▸ The task
Take the lines from the one with "5825 N Lasalle" through the last line of the material below and write them out exactly, without any pictures.

▸ Provided records
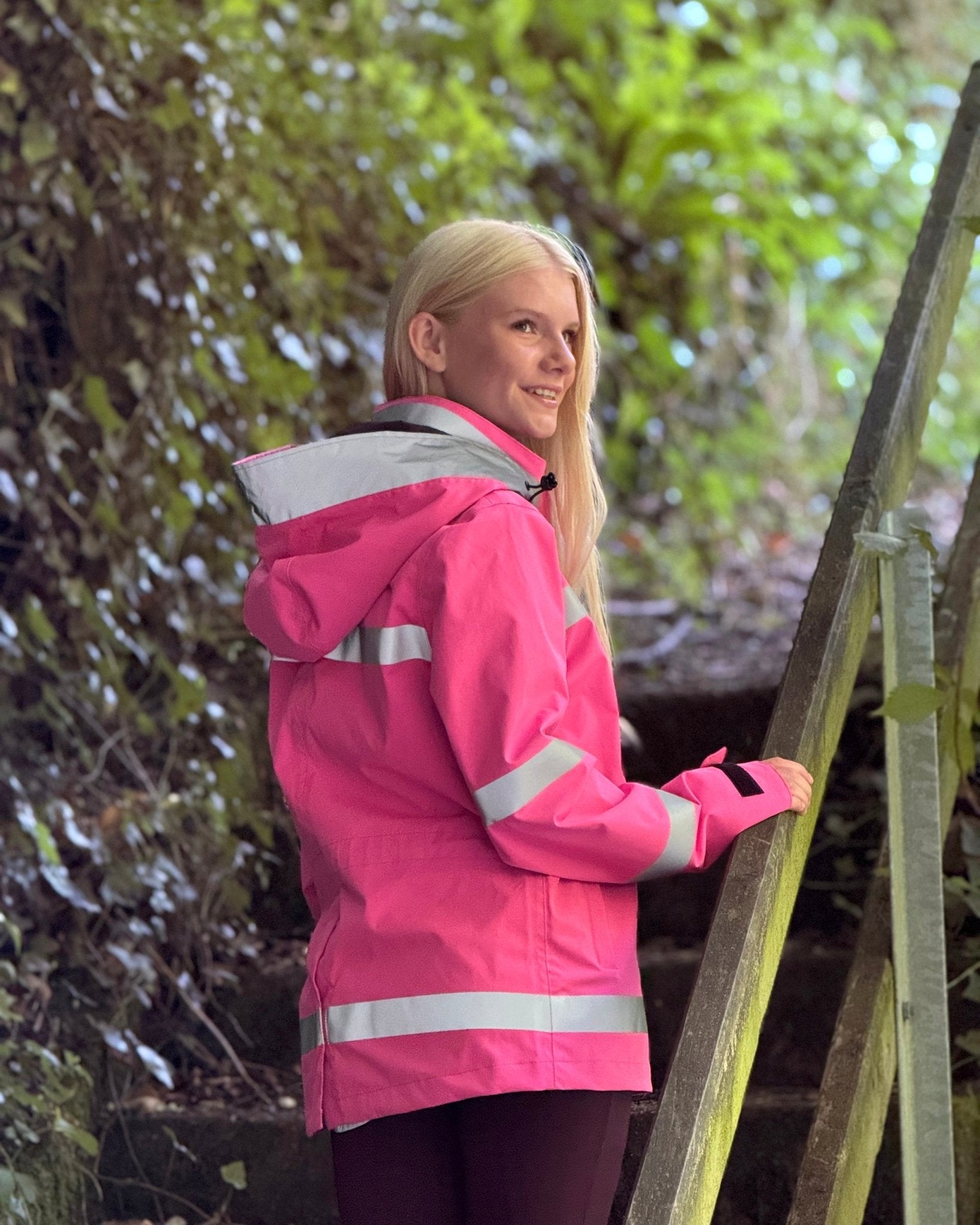 Reincoat Air Women's - Hi-Vis Pink - Reinwear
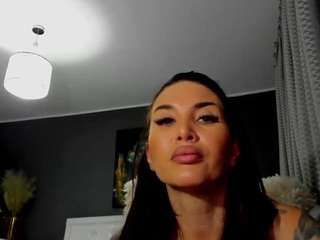 lovelyemma webcam model stream image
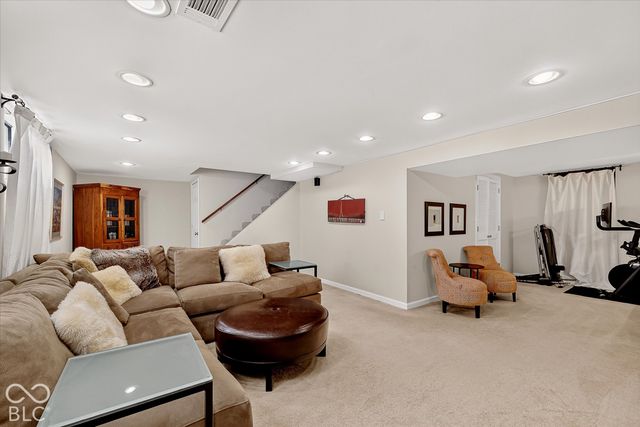 5825 N Lasalle Street, Indianapolis, IN 46220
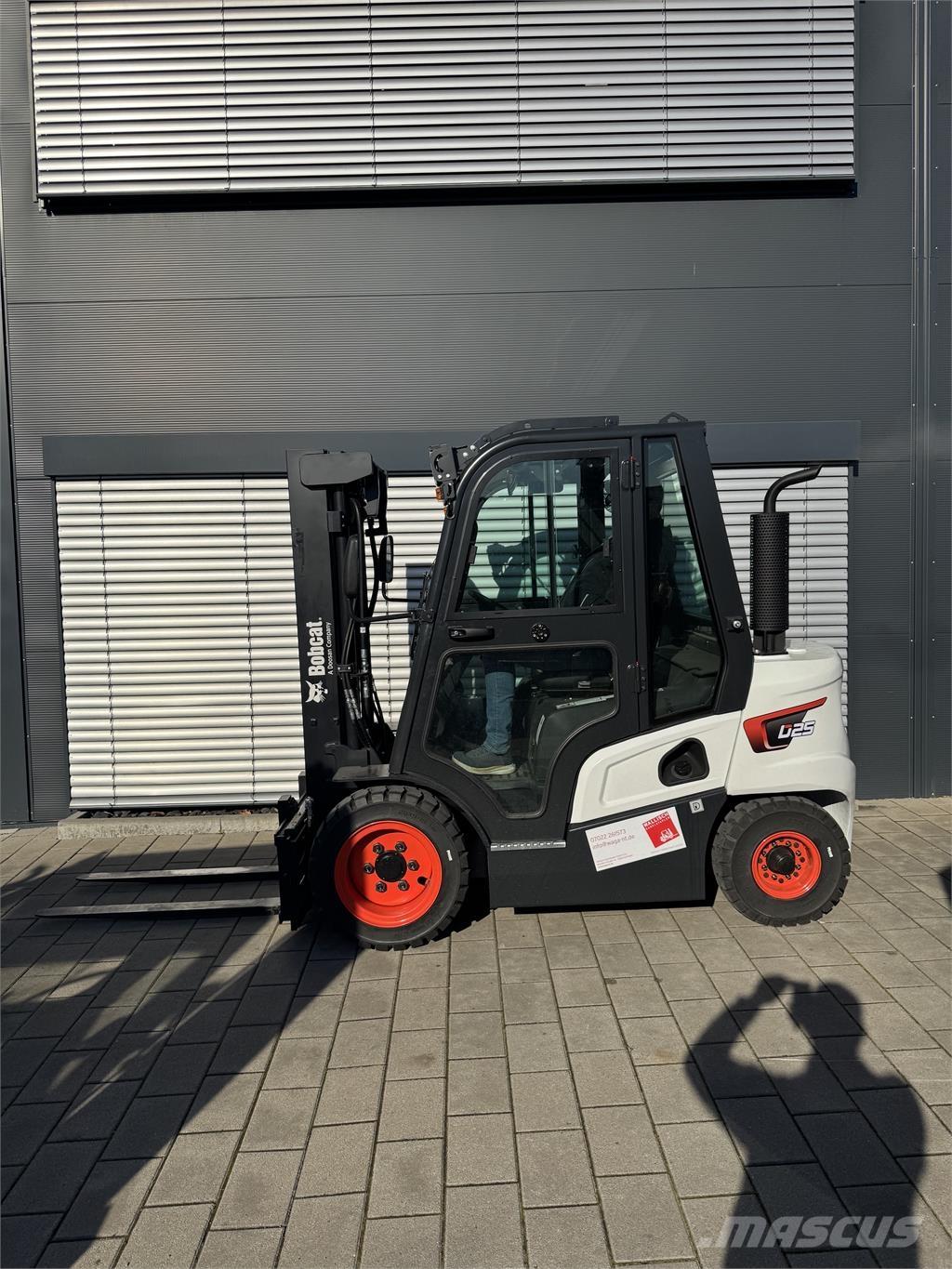 Bobcat D25NXS Dízel targoncák
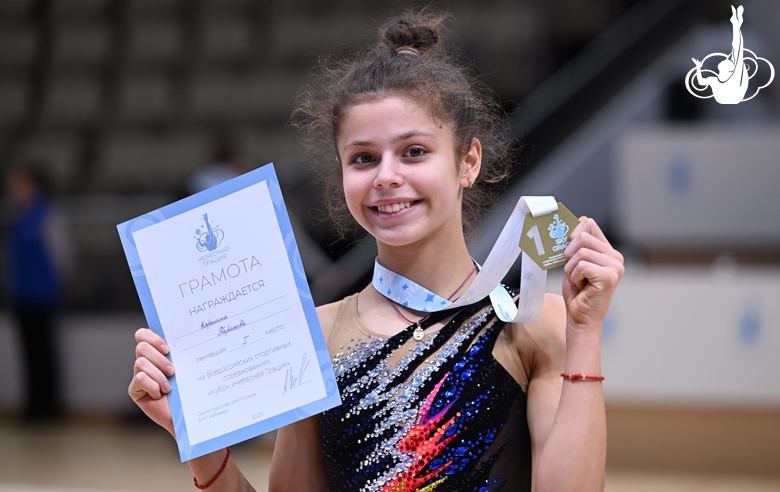 Каролина Тарасова после церемонии награждения на всероссийском турнире «Кубок "Небесная грация"»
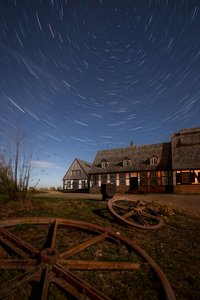Star Trails Country Home - Christoph Schaarschmidt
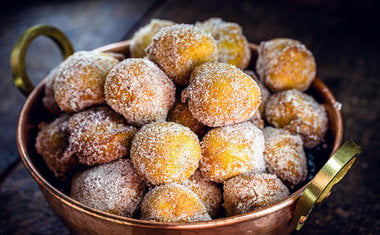 Receita de bolinho de chuva com doce de leite é fácil e deliciosa; veja o passo a passo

▸ Response to the task
 5825 N Lasalle Street, Indianapolis, IN 46220
 Bobcat D25NXS Dízel targoncák
 Каролина Тарасова после церемонии награждения на всероссийском турнире «Кубок "Небесная грация"»
Star Trails Country Home - Christoph Schaarschmidt
 Receita de bolinho de chuva com doce de leite é fácil e deliciosa; veja o passo a passo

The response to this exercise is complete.